The key to Stroessner's longevity lay in a hybrid form of personalism, neo-Fascism and anti-Communism. The loyalty of his generals was the ultimate guarantor of his rule. But unlike his Latin American counterparts, Stroessner was never a straightforward military dictator. His main pillar of civilian support was the multi-class Colorado party, which in the late 1950s and early 1960s Stroessner turned into his personal propaganda machine and source of mobilisation for electoral support.

Local branches of the party were organised vertically to create a ubiquitous surveillance network which, when necessary, was totally ruthless in crushing opposition to his rule. Informers, known as pyragües or "silent-footed ones", were highly effective in nipping dissidence in the bud.

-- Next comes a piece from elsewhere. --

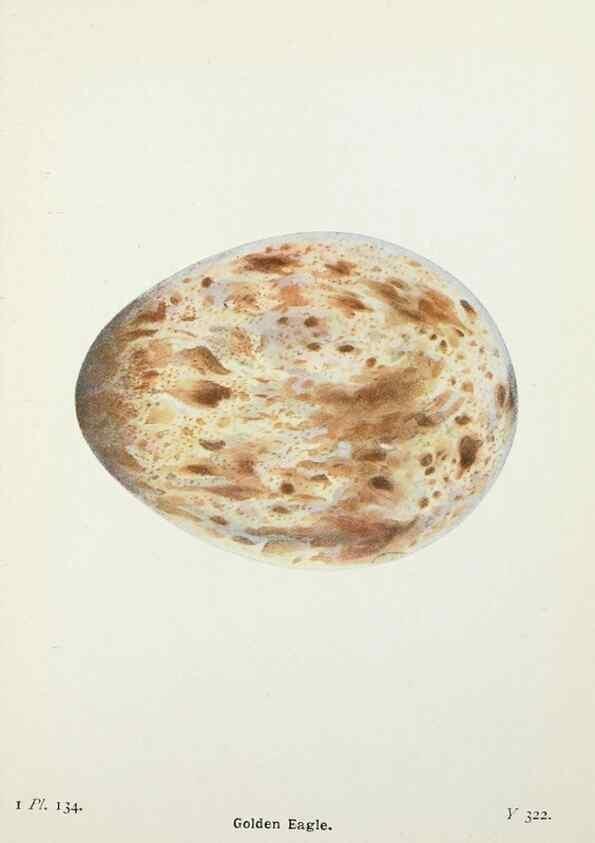 Reproducción/Reproduction 8263818571: The birds of the British Isles and their eggs.. London ;F. Warne,1919.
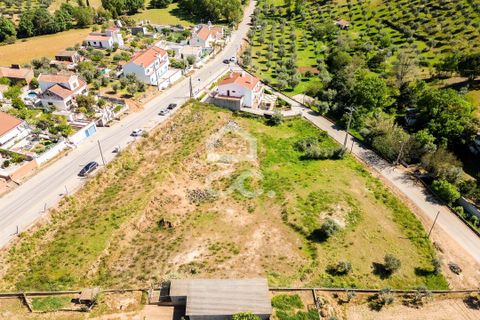 Terra a Redondo, Evora, Redondo - € 175.000 | Ref: 318/T/03136 - foto 3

Civil servants, army officers and any Paraguayan wanting to get on in life had little choice but to join the party.

This form of organising the state along Fascist lines some attributed wrongly to his ancestry (he was the son of a German immigrant brewer). Rather, the system came easily to a country locked until the 1970s into a predominately rural economy and long accustomed to forms of feudal clientilism more common in 19th-century Latin America.

Stroessner was always astute enough to hang out the trappings of democracy (parties, elections and a Congress) for foreign, mostly US, consumption. One section of the Liberal party was allowed to stand as token opposition in 1963, and the formula was repeated every five years with Stroessner regularly claiming from 70 to 90 per cent of the vote. Some enthusiastic party officials at times reported a Stroessner victory with more than 100 per cent of the registered vote before the polls had closed. The few opposition figures who did stand were handsomely rewarded for their loyalty to the system.

The US president Jimmy Carter's human rights policy compelled Stroessner to release a number of long-term prisoners, and to change the system to short, sharp detentions. When the Reagan administration (which he regarded as distinctly liberal) attempted to appear even-handed in its treatment of left-wing and right-wing "dictatorships" in order to legitimise its campaign against the Sandinistas in Nicaragua, Stroessner lifted the state of siege but set about passing equally Draconian laws. But these concessions to international opinion never helped Paraguay escape from a circle of pariah states, such as apartheid South Africa, Taiwan and Pinochet's Chile, Stroessner's closest friends and ideological soul mates. Hundreds of files discovered after Stroessner's departure, known as the "archives of terror", revealed the extensive role Paraguay played in Operation Condor, the repression of left-wing activists across the Southern Cone.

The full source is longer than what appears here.